Requirement:
Some of the lines below need repeating. Reproduce exactly those between the lines holding "Dell EMC OpenManage Essentials Version 2.4 User's" and "Stage 2 - Preoperational", inclusive.

───── Data excerpts

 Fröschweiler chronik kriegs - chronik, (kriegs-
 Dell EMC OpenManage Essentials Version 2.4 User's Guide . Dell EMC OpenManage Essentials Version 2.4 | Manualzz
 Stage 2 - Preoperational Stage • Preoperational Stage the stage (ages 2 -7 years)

──────────
───── Data excerpts

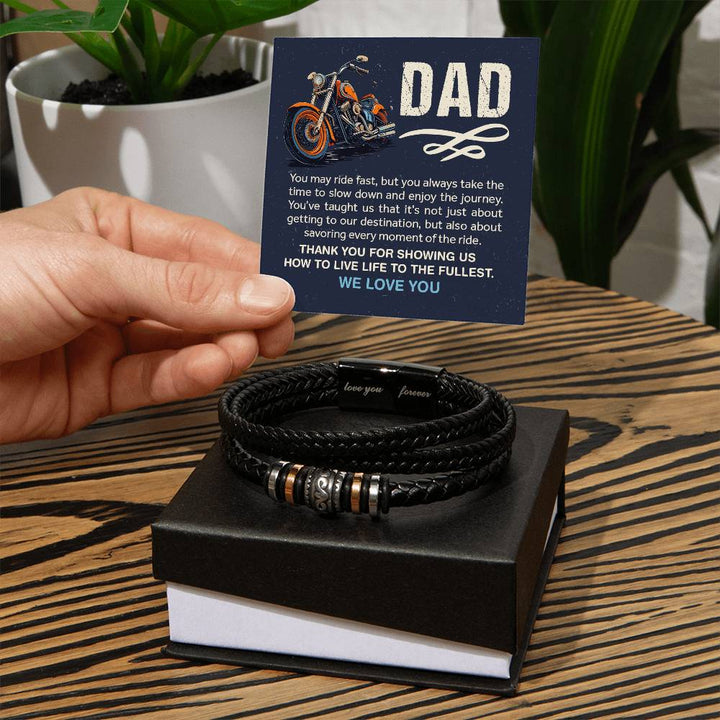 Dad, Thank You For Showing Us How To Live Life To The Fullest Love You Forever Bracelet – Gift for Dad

──────────

Answer for the task:
 Dell EMC OpenManage Essentials Version 2.4 User's Guide . Dell EMC OpenManage Essentials Version 2.4 | Manualzz
 Stage 2 - Preoperational Stage • Preoperational Stage the stage (ages 2 -7 years)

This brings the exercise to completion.